── Data records ──
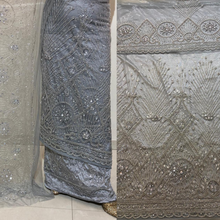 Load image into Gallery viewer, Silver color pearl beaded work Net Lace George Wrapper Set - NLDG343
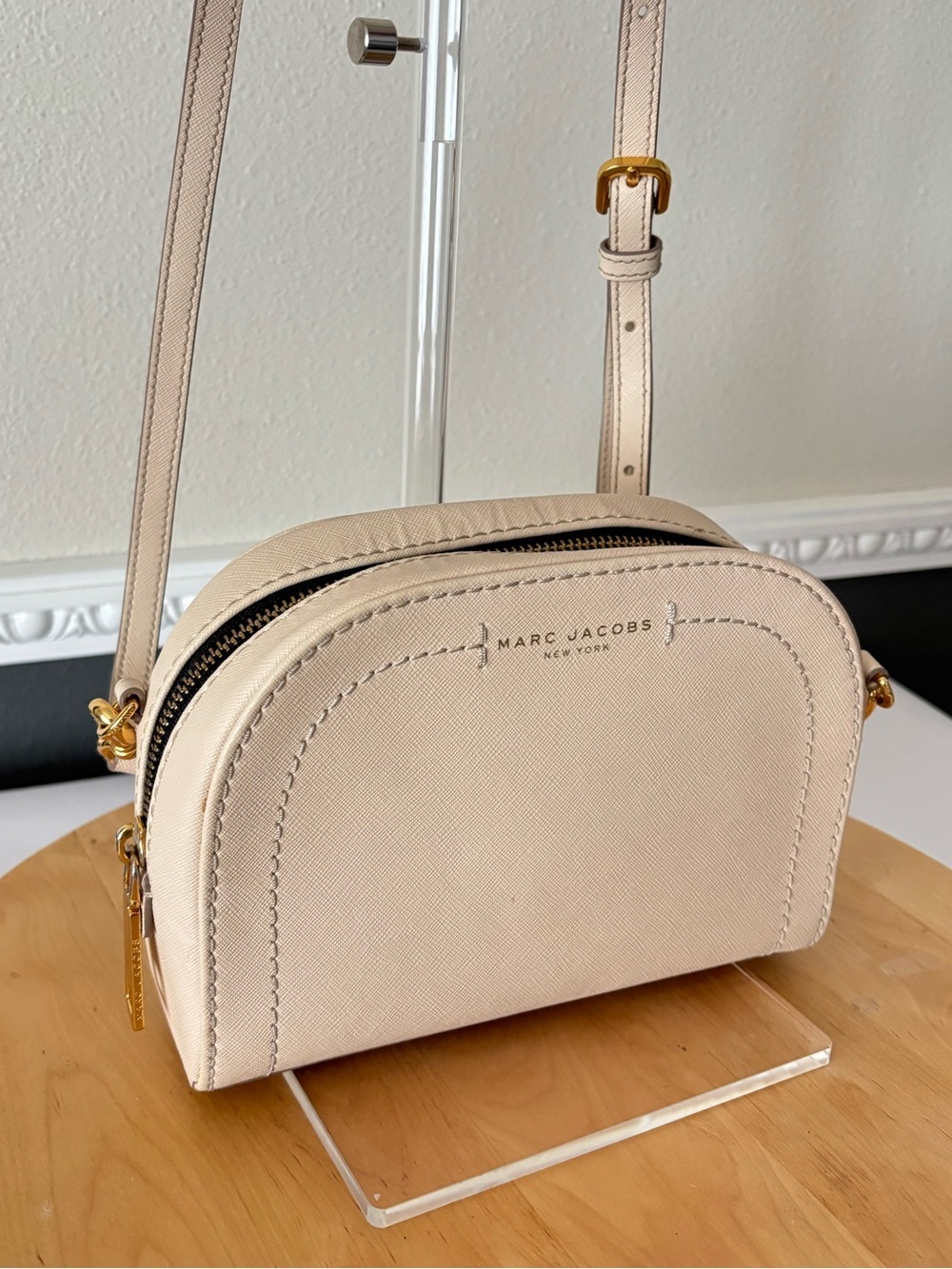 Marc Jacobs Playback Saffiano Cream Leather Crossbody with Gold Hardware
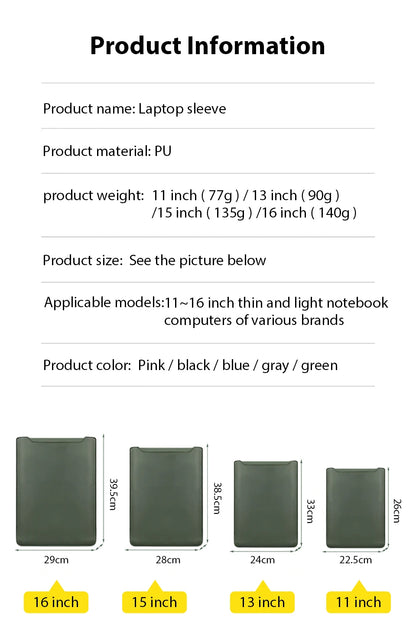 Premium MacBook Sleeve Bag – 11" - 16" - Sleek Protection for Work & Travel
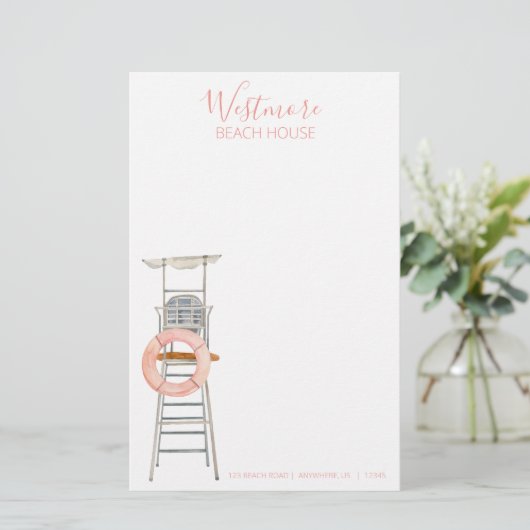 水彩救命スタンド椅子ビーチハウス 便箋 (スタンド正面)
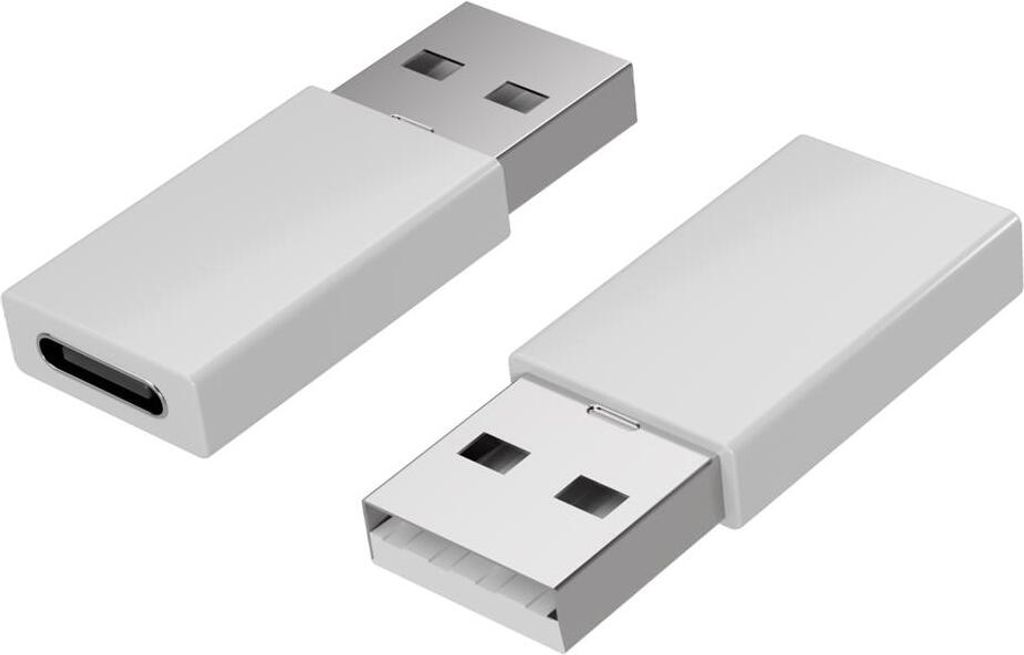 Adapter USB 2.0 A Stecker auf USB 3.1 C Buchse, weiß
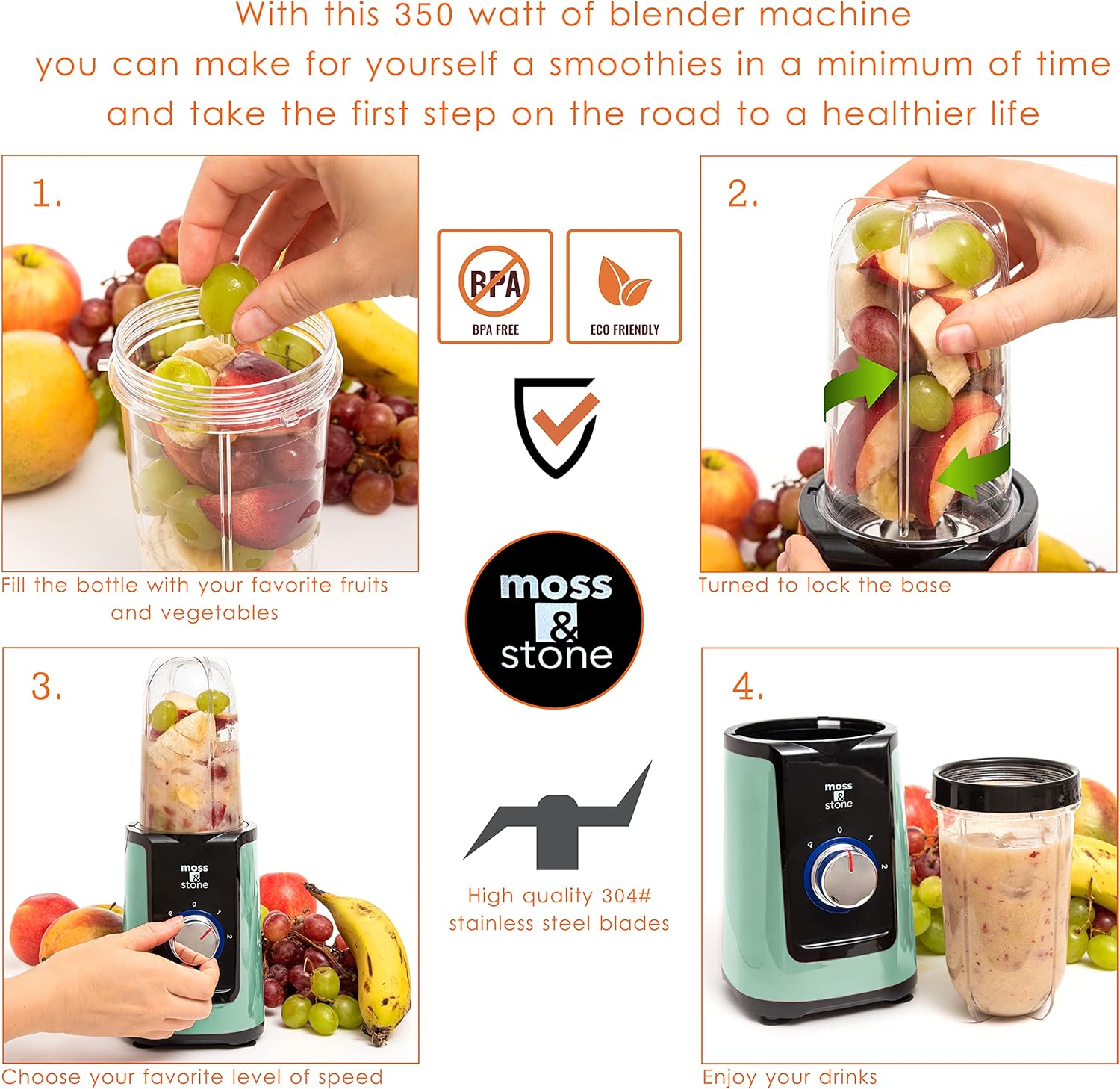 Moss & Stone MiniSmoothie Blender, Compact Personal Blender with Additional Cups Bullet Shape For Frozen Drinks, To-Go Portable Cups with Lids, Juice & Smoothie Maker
───
== What to work on ==
For each record above, write out its text exactly and skip any picture.

== Task output ==
 Load image into Gallery viewer, Silver color pearl beaded work Net Lace George Wrapper Set - NLDG343
 Marc Jacobs Playback Saffiano Cream Leather Crossbody with Gold Hardware
 Premium MacBook Sleeve Bag – 11" - 16" - Sleek Protection for Work & Travel
 水彩救命スタンド椅子ビーチハウス 便箋 (スタンド正面)
 Adapter USB 2.0 A Stecker auf USB 3.1 C Buchse, weiß
 Moss & Stone MiniSmoothie Blender, Compact Personal Blender with Additional Cups Bullet Shape For Frozen Drinks, To-Go Portable Cups with Lids, Juice & Smoothie Maker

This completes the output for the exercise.